Distribution électronique des intrants agricoles: la désillusion d’un mécanisme de rêve

Lancée officiellement, le 18 décembre 2018 à Dourou, dans la province du Passoré, par Jacob Ouédraogo, alors ministre de l’Agriculture et des Aménagements hydrauliques, la distribution électronique des intrants agricoles ou « E-voucher » bat déjà de l’aile. Deux ans après sa mise en œuvre, la plateforme est vivement décriée par nombre d’acteurs.

La distribution électronique des intrants agricoles, encore appelée « E-voucher », n’a pas atteint les résultats escomptés. En moins de deux ans d’existence, elle est rudement critiquée par certains acteurs agricoles. En effet, cette plateforme a été initiée en 2008 par le ministère en charge de l’agriculture en vue d’améliorer le système d’approvisionnement et de distribution des engrais aux producteurs.
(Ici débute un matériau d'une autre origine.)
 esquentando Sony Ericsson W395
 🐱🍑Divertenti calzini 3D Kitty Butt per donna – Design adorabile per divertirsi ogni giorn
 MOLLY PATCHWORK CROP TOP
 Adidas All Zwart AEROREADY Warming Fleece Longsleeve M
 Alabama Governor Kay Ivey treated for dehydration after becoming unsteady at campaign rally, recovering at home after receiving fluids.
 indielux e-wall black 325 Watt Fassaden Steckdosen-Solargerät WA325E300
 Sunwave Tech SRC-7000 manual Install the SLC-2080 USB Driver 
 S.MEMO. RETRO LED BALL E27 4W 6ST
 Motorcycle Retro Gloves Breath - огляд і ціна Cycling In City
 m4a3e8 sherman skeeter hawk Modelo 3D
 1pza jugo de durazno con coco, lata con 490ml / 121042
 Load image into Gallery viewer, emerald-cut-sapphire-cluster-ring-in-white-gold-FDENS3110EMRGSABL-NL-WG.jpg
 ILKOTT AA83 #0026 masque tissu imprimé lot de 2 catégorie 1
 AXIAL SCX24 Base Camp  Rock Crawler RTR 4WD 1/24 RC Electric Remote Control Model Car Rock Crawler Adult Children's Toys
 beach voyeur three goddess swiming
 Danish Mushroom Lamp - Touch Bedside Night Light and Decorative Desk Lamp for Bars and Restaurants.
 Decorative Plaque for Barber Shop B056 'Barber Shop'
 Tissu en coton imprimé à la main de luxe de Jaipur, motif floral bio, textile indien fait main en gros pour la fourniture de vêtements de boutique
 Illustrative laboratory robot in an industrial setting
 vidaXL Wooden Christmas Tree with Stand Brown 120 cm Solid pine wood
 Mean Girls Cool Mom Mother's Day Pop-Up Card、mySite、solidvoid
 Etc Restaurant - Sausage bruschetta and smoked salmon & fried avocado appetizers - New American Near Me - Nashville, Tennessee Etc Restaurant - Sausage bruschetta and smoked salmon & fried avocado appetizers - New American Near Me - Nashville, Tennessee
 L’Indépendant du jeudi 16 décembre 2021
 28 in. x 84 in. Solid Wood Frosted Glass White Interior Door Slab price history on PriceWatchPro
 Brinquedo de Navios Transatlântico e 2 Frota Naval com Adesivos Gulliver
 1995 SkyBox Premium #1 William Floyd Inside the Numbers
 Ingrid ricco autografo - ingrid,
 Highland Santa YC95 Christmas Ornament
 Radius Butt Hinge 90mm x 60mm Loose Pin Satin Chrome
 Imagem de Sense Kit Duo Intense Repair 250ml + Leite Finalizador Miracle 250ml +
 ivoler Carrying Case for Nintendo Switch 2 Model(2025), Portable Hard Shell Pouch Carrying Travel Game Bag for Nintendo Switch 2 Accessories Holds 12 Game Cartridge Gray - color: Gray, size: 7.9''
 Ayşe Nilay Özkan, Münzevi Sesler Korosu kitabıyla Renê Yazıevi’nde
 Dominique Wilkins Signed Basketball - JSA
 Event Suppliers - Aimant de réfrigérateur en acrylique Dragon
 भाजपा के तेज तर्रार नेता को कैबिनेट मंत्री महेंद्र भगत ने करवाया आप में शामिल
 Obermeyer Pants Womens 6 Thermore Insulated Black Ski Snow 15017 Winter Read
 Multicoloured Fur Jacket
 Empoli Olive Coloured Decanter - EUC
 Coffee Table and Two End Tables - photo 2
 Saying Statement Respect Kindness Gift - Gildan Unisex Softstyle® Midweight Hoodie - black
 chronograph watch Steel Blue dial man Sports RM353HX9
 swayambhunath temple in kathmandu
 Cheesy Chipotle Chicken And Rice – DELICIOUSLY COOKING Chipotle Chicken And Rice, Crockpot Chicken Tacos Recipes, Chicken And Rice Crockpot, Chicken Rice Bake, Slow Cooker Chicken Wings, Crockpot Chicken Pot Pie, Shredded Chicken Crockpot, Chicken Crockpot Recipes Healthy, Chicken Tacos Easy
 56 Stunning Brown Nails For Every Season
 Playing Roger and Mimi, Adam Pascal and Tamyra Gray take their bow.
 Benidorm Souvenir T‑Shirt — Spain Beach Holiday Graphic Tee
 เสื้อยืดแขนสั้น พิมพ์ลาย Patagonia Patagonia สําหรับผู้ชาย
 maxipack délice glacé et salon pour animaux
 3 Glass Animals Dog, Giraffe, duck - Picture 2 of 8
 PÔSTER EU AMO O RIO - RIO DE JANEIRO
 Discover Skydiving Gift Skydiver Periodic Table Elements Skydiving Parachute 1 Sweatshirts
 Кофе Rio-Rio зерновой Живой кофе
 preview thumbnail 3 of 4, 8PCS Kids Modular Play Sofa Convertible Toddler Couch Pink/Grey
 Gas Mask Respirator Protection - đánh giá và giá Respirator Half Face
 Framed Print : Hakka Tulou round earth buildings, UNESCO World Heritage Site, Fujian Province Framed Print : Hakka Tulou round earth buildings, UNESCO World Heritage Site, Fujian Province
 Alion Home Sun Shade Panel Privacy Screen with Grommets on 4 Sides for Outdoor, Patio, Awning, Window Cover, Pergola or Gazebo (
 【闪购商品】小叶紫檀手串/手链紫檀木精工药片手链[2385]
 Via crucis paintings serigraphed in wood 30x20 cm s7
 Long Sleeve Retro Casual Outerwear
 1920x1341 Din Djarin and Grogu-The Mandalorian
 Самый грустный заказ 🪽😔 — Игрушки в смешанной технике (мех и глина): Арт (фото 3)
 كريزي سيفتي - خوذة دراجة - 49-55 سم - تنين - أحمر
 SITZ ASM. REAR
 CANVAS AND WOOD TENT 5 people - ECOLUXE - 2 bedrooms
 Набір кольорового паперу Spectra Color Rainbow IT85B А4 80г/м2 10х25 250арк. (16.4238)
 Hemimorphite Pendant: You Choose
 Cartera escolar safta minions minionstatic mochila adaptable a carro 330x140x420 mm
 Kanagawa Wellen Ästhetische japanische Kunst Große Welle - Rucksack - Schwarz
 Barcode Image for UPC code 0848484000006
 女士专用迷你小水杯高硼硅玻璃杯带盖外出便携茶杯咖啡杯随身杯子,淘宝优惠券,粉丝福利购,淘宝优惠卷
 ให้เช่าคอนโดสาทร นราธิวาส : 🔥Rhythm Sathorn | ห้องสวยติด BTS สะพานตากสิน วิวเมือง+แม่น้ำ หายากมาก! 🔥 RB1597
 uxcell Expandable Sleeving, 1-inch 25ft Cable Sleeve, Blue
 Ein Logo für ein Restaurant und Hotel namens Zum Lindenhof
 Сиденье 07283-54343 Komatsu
L’innovation qui intègre l’utilisation des technologies de l’information et de la communication dans cette distribution se fait via le téléphone mobile. Le producteur bénéficiaire reçoit un message lui indiquant la quantité d’intrants et le montant à payer. Il se rend à la boutique d’intrants muni de sa carte nationale d’identité burkinabè et entre en possession de son dû, après payement du montant indiqué. Ce mécanisme pilote de distribution électronique des intrants a été lancé le 18 décembre 2018 à Dourou, province du Passoré, par le ministre de l’Agriculture et des Aménagements hydrauliques, Jacob Ouédraogo. Un projet qui, à son avis, devra aboutir, avec efficacité et efficience, à la définition du nouveau mécanisme d’approvisionnement et de distribution des intrants, tel que mis en œuvre dans certains pays de la Communauté économique des Etats de l’Afrique de l’Ouest (CEDEAO). La Banque mondiale et des partenaires à l’image de l’Association des grossistes et détaillants d’intrants agricoles (AGRODIA) ont contribué à la mise en œuvre du projet pilote « E-voucher ». En outre, le ministère a entrepris d’expliquer le mécanisme aux acteurs régionaux afin qu’ils se l’approprient. La garantie de la transparence dans la distribution des intrants subventionnés, la réduction des coûts de transaction, la délivrance à temps des intrants et l’amélioration du recouvrement de la contribution des bénéficiaires, sont autant d’avantages attribués au « E-voucher ». Mais contre toute attente, la plateforme tant admirée va être décriée parce que sa mise en œuvre rencontre des difficultés objectives sur le terrain. Le ton est donné par le Syndicat national des travailleurs de l’agriculture (SYNATRAG) qui, à travers une conférence de presse, en mi-juin 2020, a jugé la plateforme inadaptée avant de demander à ce que ce travail soit à nouveau confié aux agents d’agriculture.

L’indignation du SYNATRAG

Selon le syndicat, ce choix est une façon de sous-estimer les compétences des agents d’agriculture qui, le plus souvent, parcourent les campagnes à la rencontre des producteurs. « Les agents du département en charge de l’agriculture qui collaborent avec les producteurs, peuvent mieux contribuer au succès de la politique agricole pour un mieux-être du monde rural. Qui connaîtrait mieux les producteurs vulnérables, les caractéristiques des instants, équipements et animaux ainsi que leur utilisation que l’agent d’agriculture ? », s’indigne-t-il.
L’autre grief relevé par le SYNATRAG est que la majorité des producteurs ne savent ni lire ni écrire ; d’où un souci pour décrypter les messages. Il en est de même du traditionnel problème de réseau électronique, les sociétés de téléphonie mobile ne couvrant pas l’ensemble du territoire. Ces récriminations ont été corroborées en début juillet 2020 par une sortie du directeur régional en charge de l’agriculture de la Boucle du Mouhoun, John Herman Hien, qui a relevé des imperfections liées à la mise en œuvre du « E-voucher ». A l’entendre, la plateforme connaît de nombreuses contraintes telles que le manque de réseau, la non-réception de messages par les bénéficiaires et les pannes d’appareils. C’est pourquoi, il a invité les producteurs de sa région à se rendre directement dans les boutiques « AGRODIA » pour se faire servir, moyennant le paiement électronique de 1000 F CFA le kilogramme de semences. Au regard de ces anomalies constatées, que compte faire le ministère en charge de l’agriculture ? Une préoccupation qui est restée sans réponse parce que le directeur des intrants a préféré tout simplement nous fermer ses portes. Car, les tentatives de rentrer en contact avec ce dernier sont restées vaines.